Trigonometry

Trigonometric Inequalities

An industrial robot arm has 6 degrees of freedom, each with angular limits. Boston Dynamics Spot: every step = solving a system of trigonometric inequalities in under 1 ms. Too slow - the robot falls. GPS discards satellites below the elevation mask: sin(elevation) > 0.17. An inequality, not an equation. Continuous, per satellite, in real time.

**Joint constraints in robotics:** Boston Dynamics, industrial ARM manipulators - valid angle range per joint is a trig inequality, evaluated at every trajectory step
**GPS elevation mask:** satellites below ~10 degrees are discarded - condition sin(elevation) > sin(10 deg), a continuous trigonometric inequality
**Frustum culling in 3D:** an object is visible when cos(angle_to_camera) >= cos(FOV/2) - inequality checked per object per frame in Unity, Unreal, WebGL
**Phase unwrapping in DSP:** restoring continuous phase from a wrapped signal - solving |phi| > pi at each signal step

Предварительные знания

Trigonometric Equations

Inequalities sin x > a and cos x <= a

Every GPS receiver discards satellites below the elevation mask (~10 degrees above the horizon). The condition: $\sin(\text{elevation}) > \sin(10^\circ) \approx 0.17$. A trigonometric inequality. Every navigation chip solves it continuously - for each of the dozens of visible satellites.

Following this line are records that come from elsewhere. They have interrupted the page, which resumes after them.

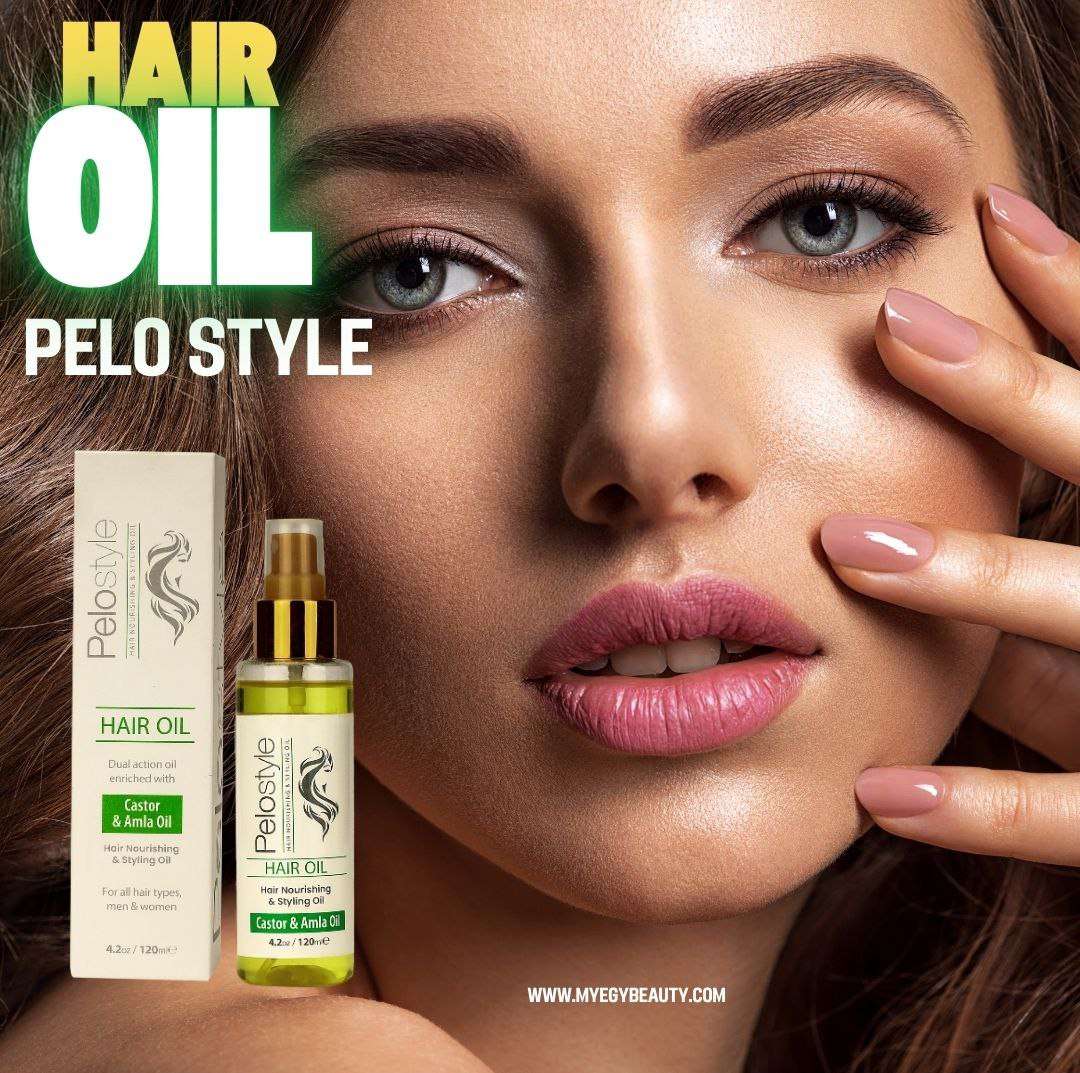 زيت بيلو ستايل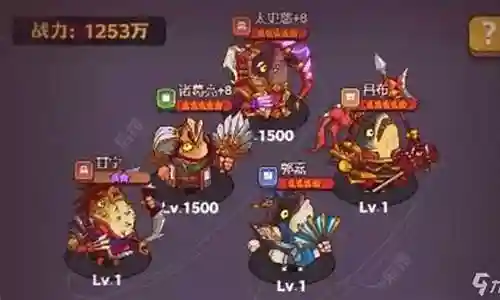 吕布打怪阵容怎么搭配最好插图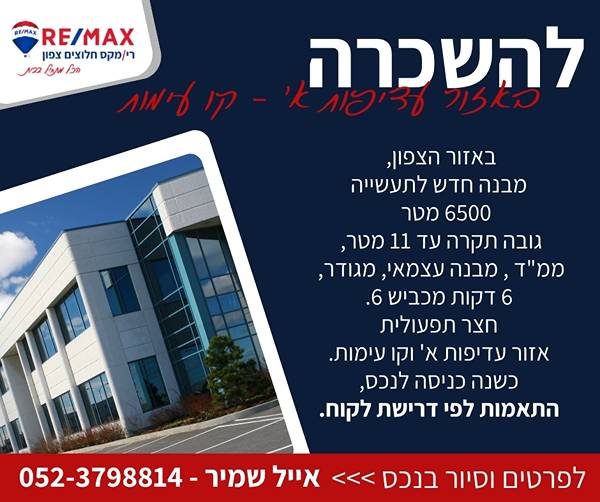 להשכרה מבנה תעשייה חדש באזור עדיפות א – קו עימות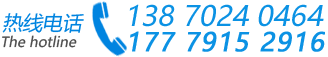 24小時(shí)在線(xiàn)服務(wù)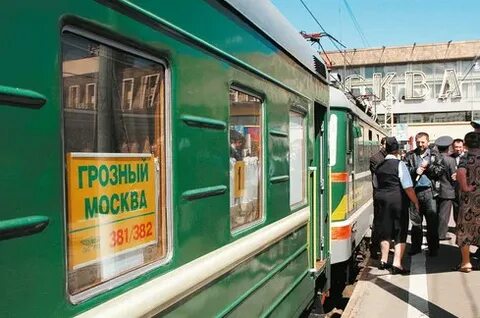 Расписание поездов грозный москва на сегодня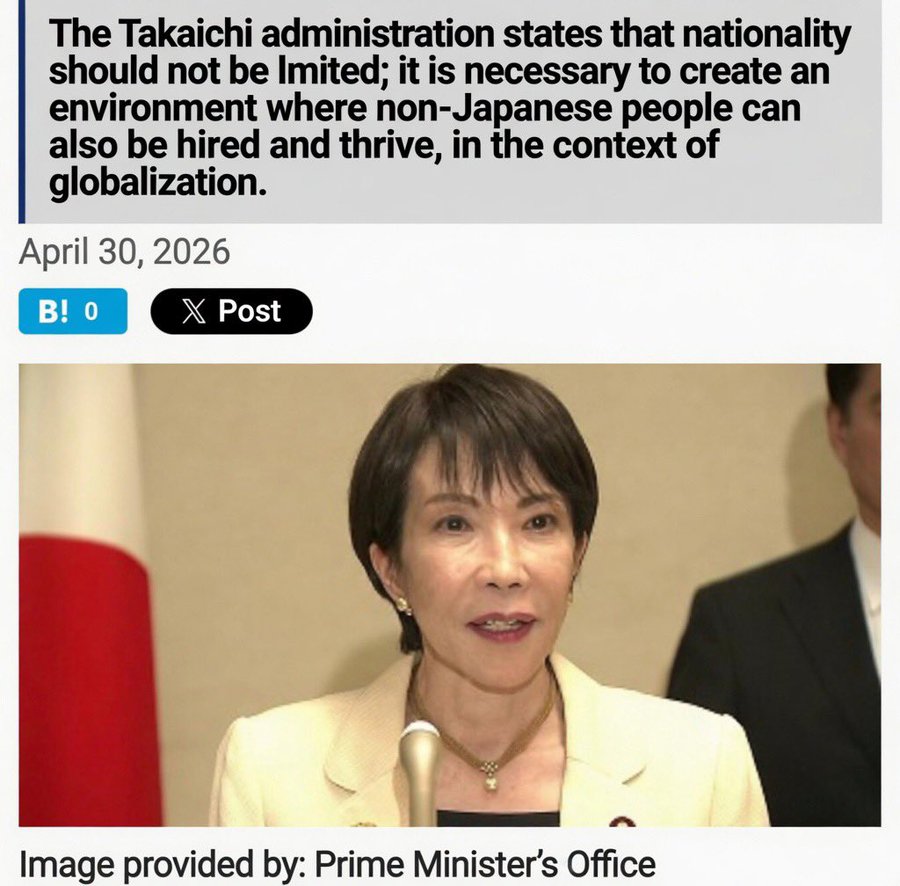 🇯🇵 Colonel Otaku Gatekeeper 🇯🇵 tweet media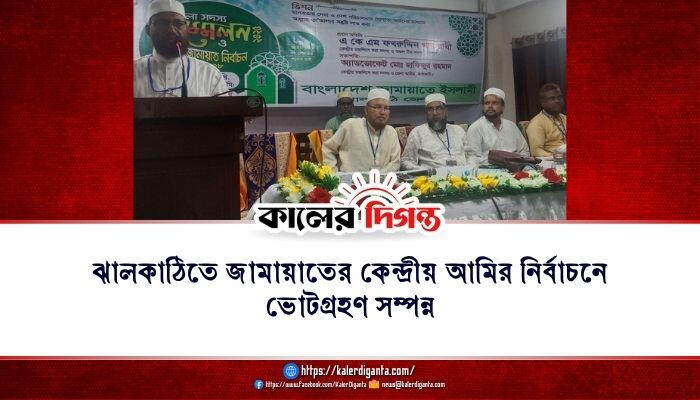 ঝালকাঠিতে জামায়াতের কেন্দ্রীয় আমির নির্বাচনে ভোটগ্রহণ সম্পন্ন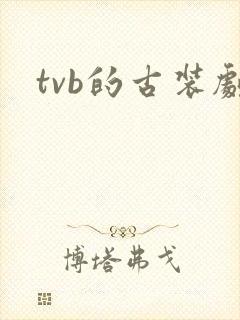 tvb的古装剧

The inequality $\sin x > a$ does not describe a point - it describes an **arc** on the unit circle. Geometrically: draw a horizontal line $y = a$ and select the part of the circle that lies **above** that line.

**Template for $\sin x > a$ ($|a| < 1$):** Solve $\sin x = a$ to get $x_0 = \arcsin(a)$ Then: $\sin x > a \iff x \in (x_0 + 2\pi n, \; \pi - x_0 + 2\pi n), \; n \in \mathbb{Z}$ **Template for $\cos x > a$ ($|a| < 1$):** Solve $\cos x = a$ to get $x_0 = \arccos(a)$ Then: $\cos x > a \iff x \in (-x_0 + 2\pi n, \; x_0 + 2\pi n), \; n \in \mathbb{Z}$

For $\cos x \leq a$ the geometry shifts: cosine is the horizontal coordinate of the circle point, so a vertical line $x = a$ is drawn instead. The arc where cosine does not exceed $a$ is the left half of the circle.

Inequality	Solution ($\|a\| < 1$)	Edge cases
$\sin x > a$	$x \in (\arcsin a + 2\pi n, \; \pi - \arcsin a + 2\pi n)$	$a=1$: no solution; $a=-1$: all except $-\pi/2+2\pi n$
$\sin x < a$	$x \in (\pi - \arcsin a + 2\pi n, \; \arcsin a + 2\pi(n+1))$	$a=-1$: no solution; $a=1$: all except $\pi/2+2\pi n$
$\cos x > a$	$x \in (-\arccos a + 2\pi n, \; \arccos a + 2\pi n)$	$a=1$: no solution; $a=-1$: all except $\pi+2\pi n$
$\cos x < a$	$x \in (\arccos a + 2\pi n, \; 2\pi - \arccos a + 2\pi n)$	$a=-1$: no solution; $a=1$: all except $2\pi n$

Solve $\cos x \leq 0$. Which answer is correct?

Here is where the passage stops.